Rinse 30 plus years in advance. My kids are in therapy and blame my husband for their unhappy childhood and I that I did nothing more to prevent it. I’m in therapy too, because I never realized it was that bad, and I apparently no longer have a relationship with my daughters and son. However, I get along with his son, his wife and their two children. Mother’s Day came and went: crickets.
My kids feel like I never chose them when they were younger, but just wanted to keep the peace with my husband. Short of separating from him, I (and my therapist) do not know how to make it better. But I do not want to be alone, that’s probably why I got married so quickly.
I can not undo what was done and wish we could move forward, but I do not know how. Please be straight with me: What will you do?
Damned If I Do…: I hope I will own what I did.
I hope I will apologize to my children for not protecting them.
I hope I will admit to them that my fear of being alone was in control, more than my parental instincts, and that I did not have the courage to risk my own security to insure theirs.

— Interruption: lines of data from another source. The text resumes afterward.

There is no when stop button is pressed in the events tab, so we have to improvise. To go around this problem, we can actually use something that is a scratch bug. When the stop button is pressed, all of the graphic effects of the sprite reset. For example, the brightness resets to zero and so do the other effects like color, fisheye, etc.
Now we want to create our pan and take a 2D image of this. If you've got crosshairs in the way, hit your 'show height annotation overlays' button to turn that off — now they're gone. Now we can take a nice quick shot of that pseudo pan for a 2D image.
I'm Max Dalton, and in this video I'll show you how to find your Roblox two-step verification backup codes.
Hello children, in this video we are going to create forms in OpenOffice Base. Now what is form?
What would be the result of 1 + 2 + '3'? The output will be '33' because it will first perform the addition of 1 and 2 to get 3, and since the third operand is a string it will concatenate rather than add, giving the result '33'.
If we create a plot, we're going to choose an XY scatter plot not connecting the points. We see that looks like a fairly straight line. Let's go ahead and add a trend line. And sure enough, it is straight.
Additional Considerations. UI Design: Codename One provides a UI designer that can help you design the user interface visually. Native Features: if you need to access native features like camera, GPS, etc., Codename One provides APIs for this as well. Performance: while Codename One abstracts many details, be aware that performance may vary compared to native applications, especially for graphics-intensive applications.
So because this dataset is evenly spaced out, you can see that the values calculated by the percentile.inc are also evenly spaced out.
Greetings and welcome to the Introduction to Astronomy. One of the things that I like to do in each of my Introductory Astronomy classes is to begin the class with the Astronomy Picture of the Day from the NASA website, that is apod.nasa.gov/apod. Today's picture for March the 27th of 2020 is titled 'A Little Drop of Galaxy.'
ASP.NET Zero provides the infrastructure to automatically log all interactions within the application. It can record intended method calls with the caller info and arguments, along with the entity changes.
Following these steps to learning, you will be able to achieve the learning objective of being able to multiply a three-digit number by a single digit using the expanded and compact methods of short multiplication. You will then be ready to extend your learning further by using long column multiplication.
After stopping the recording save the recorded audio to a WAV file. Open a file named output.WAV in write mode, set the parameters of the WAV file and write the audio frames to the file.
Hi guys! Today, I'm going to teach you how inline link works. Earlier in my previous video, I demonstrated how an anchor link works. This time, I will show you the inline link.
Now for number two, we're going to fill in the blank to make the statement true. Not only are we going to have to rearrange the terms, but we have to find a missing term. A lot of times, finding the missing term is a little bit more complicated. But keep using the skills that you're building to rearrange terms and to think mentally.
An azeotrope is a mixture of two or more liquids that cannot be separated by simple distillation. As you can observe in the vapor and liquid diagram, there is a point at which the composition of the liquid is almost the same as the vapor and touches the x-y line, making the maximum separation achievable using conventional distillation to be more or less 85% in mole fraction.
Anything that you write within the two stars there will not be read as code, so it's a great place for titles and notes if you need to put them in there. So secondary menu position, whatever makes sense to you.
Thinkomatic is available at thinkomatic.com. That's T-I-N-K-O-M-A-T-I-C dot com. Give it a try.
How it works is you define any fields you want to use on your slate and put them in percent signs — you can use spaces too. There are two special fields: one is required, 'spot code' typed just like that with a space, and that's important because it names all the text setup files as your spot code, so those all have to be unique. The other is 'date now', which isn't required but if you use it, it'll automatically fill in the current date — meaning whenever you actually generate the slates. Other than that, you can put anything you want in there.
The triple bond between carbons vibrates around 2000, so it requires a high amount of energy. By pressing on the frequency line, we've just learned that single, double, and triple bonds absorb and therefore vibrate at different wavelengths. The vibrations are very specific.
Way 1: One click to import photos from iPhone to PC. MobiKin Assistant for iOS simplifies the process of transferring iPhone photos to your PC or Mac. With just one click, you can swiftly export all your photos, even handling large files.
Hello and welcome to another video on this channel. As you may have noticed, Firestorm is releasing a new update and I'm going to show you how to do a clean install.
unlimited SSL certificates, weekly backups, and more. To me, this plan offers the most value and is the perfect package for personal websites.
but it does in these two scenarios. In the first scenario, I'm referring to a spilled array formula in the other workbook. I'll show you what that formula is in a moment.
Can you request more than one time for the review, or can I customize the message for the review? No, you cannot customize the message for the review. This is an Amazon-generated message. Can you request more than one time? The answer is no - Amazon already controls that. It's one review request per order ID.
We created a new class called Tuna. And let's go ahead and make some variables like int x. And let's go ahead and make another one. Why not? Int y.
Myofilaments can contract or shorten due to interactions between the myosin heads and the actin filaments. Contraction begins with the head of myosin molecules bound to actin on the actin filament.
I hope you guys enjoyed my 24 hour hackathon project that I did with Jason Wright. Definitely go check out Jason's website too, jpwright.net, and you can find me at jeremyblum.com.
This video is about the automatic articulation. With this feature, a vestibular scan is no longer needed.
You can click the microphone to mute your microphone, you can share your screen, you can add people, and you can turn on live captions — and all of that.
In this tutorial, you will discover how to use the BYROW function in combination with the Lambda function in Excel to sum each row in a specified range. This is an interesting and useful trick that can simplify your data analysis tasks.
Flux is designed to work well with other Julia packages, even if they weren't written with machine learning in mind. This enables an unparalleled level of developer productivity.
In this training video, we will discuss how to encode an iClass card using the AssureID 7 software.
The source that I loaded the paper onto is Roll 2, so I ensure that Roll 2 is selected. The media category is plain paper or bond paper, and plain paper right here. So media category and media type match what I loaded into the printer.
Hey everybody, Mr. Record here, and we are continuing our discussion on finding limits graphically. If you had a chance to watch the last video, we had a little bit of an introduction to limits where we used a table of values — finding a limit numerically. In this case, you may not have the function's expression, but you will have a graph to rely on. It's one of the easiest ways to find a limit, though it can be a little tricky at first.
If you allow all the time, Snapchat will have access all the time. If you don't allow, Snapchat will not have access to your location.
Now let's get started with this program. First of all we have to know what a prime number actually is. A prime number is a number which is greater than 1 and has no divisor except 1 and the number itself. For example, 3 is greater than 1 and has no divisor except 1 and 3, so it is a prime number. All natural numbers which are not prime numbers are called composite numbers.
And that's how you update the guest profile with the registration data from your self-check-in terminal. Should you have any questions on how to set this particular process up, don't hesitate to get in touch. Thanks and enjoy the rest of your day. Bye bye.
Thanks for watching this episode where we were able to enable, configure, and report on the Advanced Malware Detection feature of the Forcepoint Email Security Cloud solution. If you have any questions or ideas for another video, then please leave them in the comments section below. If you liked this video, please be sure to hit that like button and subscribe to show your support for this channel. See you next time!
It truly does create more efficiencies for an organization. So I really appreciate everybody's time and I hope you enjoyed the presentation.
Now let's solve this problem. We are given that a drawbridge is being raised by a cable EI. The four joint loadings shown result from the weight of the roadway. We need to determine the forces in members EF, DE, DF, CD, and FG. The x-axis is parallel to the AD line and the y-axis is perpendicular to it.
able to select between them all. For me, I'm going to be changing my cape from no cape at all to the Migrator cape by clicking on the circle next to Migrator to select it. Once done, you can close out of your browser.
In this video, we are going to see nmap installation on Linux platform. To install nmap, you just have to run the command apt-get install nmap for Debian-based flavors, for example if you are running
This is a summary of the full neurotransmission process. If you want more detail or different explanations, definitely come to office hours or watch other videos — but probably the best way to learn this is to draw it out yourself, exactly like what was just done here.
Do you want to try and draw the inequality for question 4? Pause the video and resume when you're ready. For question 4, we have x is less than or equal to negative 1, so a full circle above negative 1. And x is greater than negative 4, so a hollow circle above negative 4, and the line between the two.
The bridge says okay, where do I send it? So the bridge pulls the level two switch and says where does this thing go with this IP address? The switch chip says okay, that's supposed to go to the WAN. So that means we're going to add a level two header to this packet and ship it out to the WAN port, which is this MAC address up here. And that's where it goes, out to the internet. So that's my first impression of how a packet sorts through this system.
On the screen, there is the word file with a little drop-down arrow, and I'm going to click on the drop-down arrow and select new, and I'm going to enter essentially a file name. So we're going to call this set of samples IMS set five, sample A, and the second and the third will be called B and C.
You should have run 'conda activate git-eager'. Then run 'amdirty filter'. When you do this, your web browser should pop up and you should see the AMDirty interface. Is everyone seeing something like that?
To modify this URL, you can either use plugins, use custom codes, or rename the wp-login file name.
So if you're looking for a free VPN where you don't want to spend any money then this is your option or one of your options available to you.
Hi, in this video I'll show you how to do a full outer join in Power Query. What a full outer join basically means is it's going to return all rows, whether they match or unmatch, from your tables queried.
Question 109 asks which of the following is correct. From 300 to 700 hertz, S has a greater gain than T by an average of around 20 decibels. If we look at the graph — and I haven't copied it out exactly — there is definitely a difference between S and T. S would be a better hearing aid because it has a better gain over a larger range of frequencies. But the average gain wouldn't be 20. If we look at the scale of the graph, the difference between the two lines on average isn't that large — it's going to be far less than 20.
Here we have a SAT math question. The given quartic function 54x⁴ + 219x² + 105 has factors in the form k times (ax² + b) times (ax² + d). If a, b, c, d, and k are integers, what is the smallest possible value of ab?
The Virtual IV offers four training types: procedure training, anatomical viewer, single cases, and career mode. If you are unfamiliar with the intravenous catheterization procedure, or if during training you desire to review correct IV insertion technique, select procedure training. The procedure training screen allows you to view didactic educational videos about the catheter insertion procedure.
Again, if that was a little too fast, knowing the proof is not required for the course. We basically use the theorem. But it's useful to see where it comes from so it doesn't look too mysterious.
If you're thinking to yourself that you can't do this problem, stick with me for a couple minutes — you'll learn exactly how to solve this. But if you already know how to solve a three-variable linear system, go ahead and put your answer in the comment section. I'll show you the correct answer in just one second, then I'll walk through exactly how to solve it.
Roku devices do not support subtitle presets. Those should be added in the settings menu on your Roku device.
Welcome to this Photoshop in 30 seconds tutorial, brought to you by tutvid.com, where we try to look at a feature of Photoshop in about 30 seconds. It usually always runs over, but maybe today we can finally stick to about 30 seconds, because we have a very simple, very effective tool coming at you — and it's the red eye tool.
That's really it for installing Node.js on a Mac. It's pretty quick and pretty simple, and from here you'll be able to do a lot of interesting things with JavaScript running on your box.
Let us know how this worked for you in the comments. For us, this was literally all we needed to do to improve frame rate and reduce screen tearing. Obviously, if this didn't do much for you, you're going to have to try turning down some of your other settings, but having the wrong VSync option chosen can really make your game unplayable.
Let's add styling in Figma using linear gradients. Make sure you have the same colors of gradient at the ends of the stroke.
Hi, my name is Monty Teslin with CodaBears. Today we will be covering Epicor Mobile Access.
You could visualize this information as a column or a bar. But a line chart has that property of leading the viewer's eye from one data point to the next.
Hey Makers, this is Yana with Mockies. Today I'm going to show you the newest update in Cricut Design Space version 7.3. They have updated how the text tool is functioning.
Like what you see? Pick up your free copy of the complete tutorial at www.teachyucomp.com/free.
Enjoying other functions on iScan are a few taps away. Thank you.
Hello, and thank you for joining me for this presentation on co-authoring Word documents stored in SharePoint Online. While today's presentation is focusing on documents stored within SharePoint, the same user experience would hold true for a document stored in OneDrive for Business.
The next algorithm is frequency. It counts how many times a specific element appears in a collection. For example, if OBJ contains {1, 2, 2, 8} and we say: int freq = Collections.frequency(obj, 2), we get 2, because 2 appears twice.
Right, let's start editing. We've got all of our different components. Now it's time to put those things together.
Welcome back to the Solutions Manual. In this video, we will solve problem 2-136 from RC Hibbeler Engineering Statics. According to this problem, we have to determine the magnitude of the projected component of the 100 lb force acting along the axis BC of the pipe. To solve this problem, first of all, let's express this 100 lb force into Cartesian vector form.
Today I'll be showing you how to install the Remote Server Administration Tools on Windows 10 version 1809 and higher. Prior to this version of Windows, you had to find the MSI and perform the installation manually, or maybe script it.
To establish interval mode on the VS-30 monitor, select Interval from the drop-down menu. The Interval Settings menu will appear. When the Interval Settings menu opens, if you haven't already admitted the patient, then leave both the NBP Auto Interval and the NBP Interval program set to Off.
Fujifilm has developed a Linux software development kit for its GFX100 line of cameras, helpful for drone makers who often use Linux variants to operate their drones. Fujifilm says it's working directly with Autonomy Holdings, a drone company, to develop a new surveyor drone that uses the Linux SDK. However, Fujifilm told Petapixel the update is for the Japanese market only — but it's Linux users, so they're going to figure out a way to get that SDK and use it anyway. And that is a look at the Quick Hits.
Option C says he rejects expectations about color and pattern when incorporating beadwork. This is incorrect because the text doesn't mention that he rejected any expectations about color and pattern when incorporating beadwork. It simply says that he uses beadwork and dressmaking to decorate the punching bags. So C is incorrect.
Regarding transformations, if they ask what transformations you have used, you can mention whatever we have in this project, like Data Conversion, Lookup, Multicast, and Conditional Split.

I hope I will admit that I failed them in this most fundamental way.
I hope I will now be able to tell them, without a doubt, that I understand my failure has led to their verbal and emotional abuse at the hands of their hurried, poorly chosen stepfather. That a steady diet of “temper”, “loud” and “screaming”, especially for a child, is abuse. No hitting needed.
I hope I will tell them that I did not see it clearly then, but I see it clearly now, and I will not spare it.
I hope I will tell them that I love them and understand that they need to find their own ways to make peace with their childhood. That if keeping their distance from me is their best chance at healing, then I accept it.
I hope I will tell them my door and heart are always open to them no matter what.
I hope I will stop setting it to myself as ‘no good choices’ because possessing our behavior and its consequences is always a good choice, even when it hurts like hell.
And I hope I will find a way to forgive myself.
I say “I hope” these things because I appreciate first person and, on an intestinal level, the self-protective measures that our minds take when we are dealing with soul-crushing hard truths about ourselves. I can not say with certainty that I will have it in me to fully possess this truth. But I hope I would.
If you can do that, you will have jumped from hindered by fear to braver than most.
You say your children “blame” you – but that guilt is the template for your salvation. They spelled out the excuse they needed. There is no dilemma; just give it to them in full. (Under the care of a new therapist, if you got everything out of this one.)
It may not get your kids back, but getting yourself back also matters.